=== Data provided ===

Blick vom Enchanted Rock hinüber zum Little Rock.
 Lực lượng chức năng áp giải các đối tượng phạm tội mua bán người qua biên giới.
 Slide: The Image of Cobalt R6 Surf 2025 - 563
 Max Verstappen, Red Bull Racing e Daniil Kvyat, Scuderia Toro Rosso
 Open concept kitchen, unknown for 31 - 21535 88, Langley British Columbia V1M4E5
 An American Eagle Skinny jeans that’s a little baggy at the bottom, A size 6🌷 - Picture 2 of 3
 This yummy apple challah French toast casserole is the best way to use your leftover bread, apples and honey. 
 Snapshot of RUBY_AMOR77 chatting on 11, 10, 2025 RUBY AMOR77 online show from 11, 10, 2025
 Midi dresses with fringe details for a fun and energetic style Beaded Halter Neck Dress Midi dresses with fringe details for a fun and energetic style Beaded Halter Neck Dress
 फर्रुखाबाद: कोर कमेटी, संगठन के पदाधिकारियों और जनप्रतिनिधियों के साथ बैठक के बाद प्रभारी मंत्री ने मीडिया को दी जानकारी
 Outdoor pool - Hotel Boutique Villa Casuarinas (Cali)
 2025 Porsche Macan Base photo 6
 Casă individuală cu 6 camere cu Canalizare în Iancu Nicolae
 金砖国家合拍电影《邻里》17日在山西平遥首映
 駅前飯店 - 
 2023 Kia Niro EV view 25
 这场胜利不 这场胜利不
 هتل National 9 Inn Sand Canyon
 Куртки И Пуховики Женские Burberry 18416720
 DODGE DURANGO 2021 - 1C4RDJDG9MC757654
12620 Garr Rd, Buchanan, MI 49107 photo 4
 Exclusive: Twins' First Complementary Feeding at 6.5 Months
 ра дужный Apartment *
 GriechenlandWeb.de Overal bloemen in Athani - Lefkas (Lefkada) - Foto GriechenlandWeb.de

===

Exercise aim:
Each line from the one that includes "هتل National 9 Inn Sand Canyon" down to the close of the records above is to be given again exactly, and no other line is to appear.

Answer to this problem:
 هتل National 9 Inn Sand Canyon
 Куртки И Пуховики Женские Burberry 18416720
 DODGE DURANGO 2021 - 1C4RDJDG9MC757654
12620 Garr Rd, Buchanan, MI 49107 photo 4
 Exclusive: Twins' First Complementary Feeding at 6.5 Months
 ра дужный Apartment *
 GriechenlandWeb.de Overal bloemen in Athani - Lefkas (Lefkada) - Foto GriechenlandWeb.de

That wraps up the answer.